⟨

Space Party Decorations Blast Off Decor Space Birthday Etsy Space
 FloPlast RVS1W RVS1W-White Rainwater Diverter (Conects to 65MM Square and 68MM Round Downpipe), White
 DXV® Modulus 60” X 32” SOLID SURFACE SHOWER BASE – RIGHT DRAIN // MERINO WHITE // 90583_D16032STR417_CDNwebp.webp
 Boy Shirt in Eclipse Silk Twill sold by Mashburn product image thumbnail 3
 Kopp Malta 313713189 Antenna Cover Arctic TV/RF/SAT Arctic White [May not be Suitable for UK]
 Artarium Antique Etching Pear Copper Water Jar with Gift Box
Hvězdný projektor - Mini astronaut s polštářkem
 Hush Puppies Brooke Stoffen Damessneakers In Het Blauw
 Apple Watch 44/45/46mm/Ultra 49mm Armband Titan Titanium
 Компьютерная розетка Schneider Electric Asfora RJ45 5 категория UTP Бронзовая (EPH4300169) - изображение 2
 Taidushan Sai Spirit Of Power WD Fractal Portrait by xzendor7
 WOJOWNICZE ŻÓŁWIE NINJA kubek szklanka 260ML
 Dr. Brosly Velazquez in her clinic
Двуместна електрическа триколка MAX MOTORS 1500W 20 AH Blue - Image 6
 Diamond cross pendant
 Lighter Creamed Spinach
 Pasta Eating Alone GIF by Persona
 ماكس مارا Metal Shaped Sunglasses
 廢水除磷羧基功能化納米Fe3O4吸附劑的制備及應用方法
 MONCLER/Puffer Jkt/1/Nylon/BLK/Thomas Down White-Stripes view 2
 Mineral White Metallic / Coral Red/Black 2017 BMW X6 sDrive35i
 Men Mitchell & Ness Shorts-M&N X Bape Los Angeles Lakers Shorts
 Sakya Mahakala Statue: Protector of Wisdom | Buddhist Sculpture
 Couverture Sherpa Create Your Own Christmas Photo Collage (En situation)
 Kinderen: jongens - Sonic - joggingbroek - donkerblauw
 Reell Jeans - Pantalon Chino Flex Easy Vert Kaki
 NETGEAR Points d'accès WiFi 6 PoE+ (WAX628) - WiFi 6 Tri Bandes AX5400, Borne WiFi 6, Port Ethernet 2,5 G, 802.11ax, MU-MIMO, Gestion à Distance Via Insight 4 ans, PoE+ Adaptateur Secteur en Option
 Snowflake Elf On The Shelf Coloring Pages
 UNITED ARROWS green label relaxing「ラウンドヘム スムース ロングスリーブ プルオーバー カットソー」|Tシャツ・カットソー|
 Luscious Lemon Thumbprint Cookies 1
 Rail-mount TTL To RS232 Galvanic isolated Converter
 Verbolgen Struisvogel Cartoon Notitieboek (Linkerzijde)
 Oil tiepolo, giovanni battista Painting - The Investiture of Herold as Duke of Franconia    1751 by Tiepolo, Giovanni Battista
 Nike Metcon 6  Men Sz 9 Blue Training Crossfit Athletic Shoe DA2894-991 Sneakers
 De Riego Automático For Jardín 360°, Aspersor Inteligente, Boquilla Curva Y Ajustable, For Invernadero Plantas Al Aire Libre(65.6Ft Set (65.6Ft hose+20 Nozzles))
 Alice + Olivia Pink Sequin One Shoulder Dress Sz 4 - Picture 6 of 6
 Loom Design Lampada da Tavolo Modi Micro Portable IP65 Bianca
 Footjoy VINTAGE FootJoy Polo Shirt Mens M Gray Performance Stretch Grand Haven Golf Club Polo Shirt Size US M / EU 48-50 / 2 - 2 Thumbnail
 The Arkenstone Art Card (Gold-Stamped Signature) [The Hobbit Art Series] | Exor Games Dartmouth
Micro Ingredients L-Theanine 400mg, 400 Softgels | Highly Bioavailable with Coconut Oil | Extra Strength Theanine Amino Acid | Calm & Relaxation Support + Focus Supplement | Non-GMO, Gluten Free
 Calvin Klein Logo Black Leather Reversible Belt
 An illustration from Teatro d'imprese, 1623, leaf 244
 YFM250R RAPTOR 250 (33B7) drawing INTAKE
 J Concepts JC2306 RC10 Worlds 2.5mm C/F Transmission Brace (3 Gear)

⟩

▸ **Task instructions**
Everything from the first line of the records above to the line containing "NETGEAR Points d'accès", inclusive, should be repeated exactly; leave out the rest.

▸ **Written solution**
Space Party Decorations Blast Off Decor Space Birthday Etsy Space
 FloPlast RVS1W RVS1W-White Rainwater Diverter (Conects to 65MM Square and 68MM Round Downpipe), White
 DXV® Modulus 60” X 32” SOLID SURFACE SHOWER BASE – RIGHT DRAIN // MERINO WHITE // 90583_D16032STR417_CDNwebp.webp
 Boy Shirt in Eclipse Silk Twill sold by Mashburn product image thumbnail 3
 Kopp Malta 313713189 Antenna Cover Arctic TV/RF/SAT Arctic White [May not be Suitable for UK]
 Artarium Antique Etching Pear Copper Water Jar with Gift Box
Hvězdný projektor - Mini astronaut s polštářkem
 Hush Puppies Brooke Stoffen Damessneakers In Het Blauw
 Apple Watch 44/45/46mm/Ultra 49mm Armband Titan Titanium
 Компьютерная розетка Schneider Electric Asfora RJ45 5 категория UTP Бронзовая (EPH4300169) - изображение 2
 Taidushan Sai Spirit Of Power WD Fractal Portrait by xzendor7
 WOJOWNICZE ŻÓŁWIE NINJA kubek szklanka 260ML
 Dr. Brosly Velazquez in her clinic
Двуместна електрическа триколка MAX MOTORS 1500W 20 AH Blue - Image 6
 Diamond cross pendant
 Lighter Creamed Spinach
 Pasta Eating Alone GIF by Persona
 ماكس مارا Metal Shaped Sunglasses
 廢水除磷羧基功能化納米Fe3O4吸附劑的制備及應用方法
 MONCLER/Puffer Jkt/1/Nylon/BLK/Thomas Down White-Stripes view 2
 Mineral White Metallic / Coral Red/Black 2017 BMW X6 sDrive35i
 Men Mitchell & Ness Shorts-M&N X Bape Los Angeles Lakers Shorts
 Sakya Mahakala Statue: Protector of Wisdom | Buddhist Sculpture
 Couverture Sherpa Create Your Own Christmas Photo Collage (En situation)
 Kinderen: jongens - Sonic - joggingbroek - donkerblauw
 Reell Jeans - Pantalon Chino Flex Easy Vert Kaki
 NETGEAR Points d'accès WiFi 6 PoE+ (WAX628) - WiFi 6 Tri Bandes AX5400, Borne WiFi 6, Port Ethernet 2,5 G, 802.11ax, MU-MIMO, Gestion à Distance Via Insight 4 ans, PoE+ Adaptateur Secteur en Option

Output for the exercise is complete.